Daycare for two
S2 starts daycare tomorrow.
I’ll be honest, I feel a little conflicted about it. I’m both excited and sad. Packing his stuff to take to daycare felt like one of the saddest things ever. It was a mix between “time is going by too fast” and “I feel like I’m cheating”. Let me explain that last part.
While S2 starts daycare tomorrow, I won’t be returning to work until mid-March. THAT makes me excited as hell. I have some personal projects that I’ve been putting off for the last year that I can finally focus on. I’ll go and use the facial/massage gift certificates that have been piling up over the last few holidays. I’ll be able to pull G out of daycare and spend some much needed 1:1 time with him and do some adventure outings. On my list are the Monterrey Bay Aquarium, San Jose Children’s Discovery Museum and whatever else strikes my fancy. S2 on the other hand will get to start daycare before stranger anxiety kicks in, which will hopefully make these first few weeks easier on us all.
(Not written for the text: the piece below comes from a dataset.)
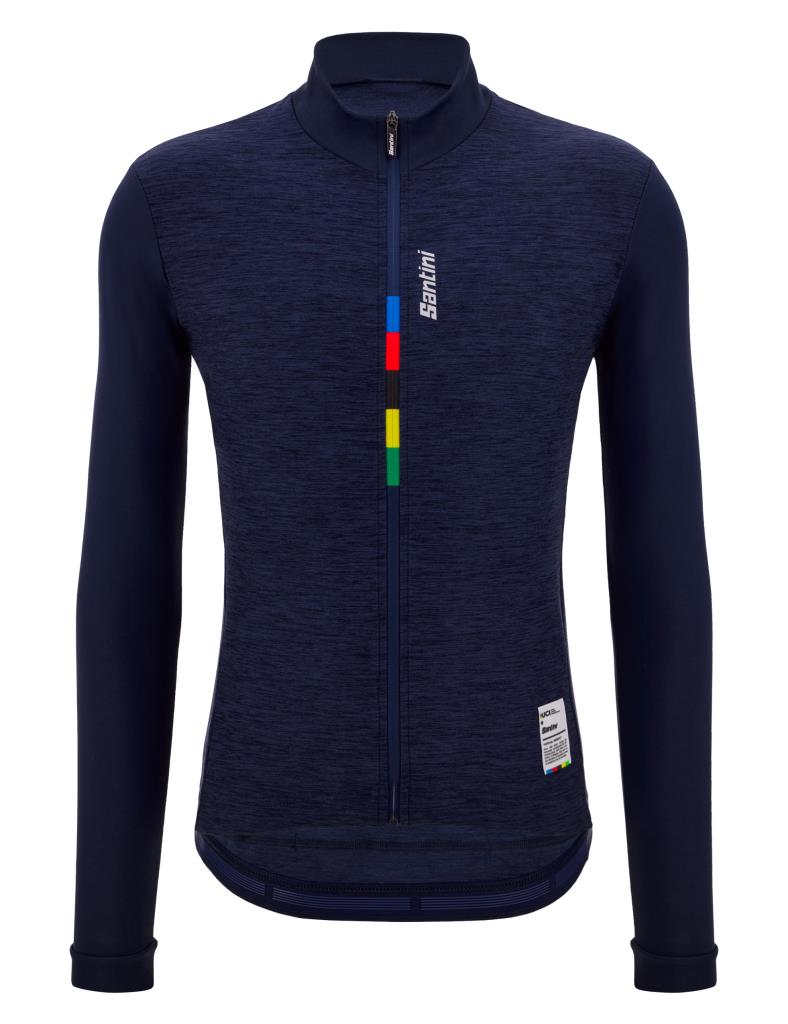 Santini UCI Official PURE Büyük Beden Erkek Uzun Kollu Bisiklet Forması RE216075SPUREUCI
Yet, I’m also sad, and… well… guilty. I feel that if I’m staying home, he should be too, since I’m staying home because of him. Also, G was 4 months old when he started daycare. S2 should have the same time with me too.
So yeah, tomorrow will be interesting. I’ve told myself though, that when I start missing my monkey too much I’ll go bring him home.
Meanwhile, I’ve been prepping G too. I told him that his little brother will be going to school with him tomorrow. I told him which room he’ll be in and the teachers he’ll be with. S later asked him if he would check up on his brother. G’s response was “No! S2 in baby room” But he did promise to be a good big brother to him.
So… wanna take bets if I’ll be crying tomorrow on my drive home all alone?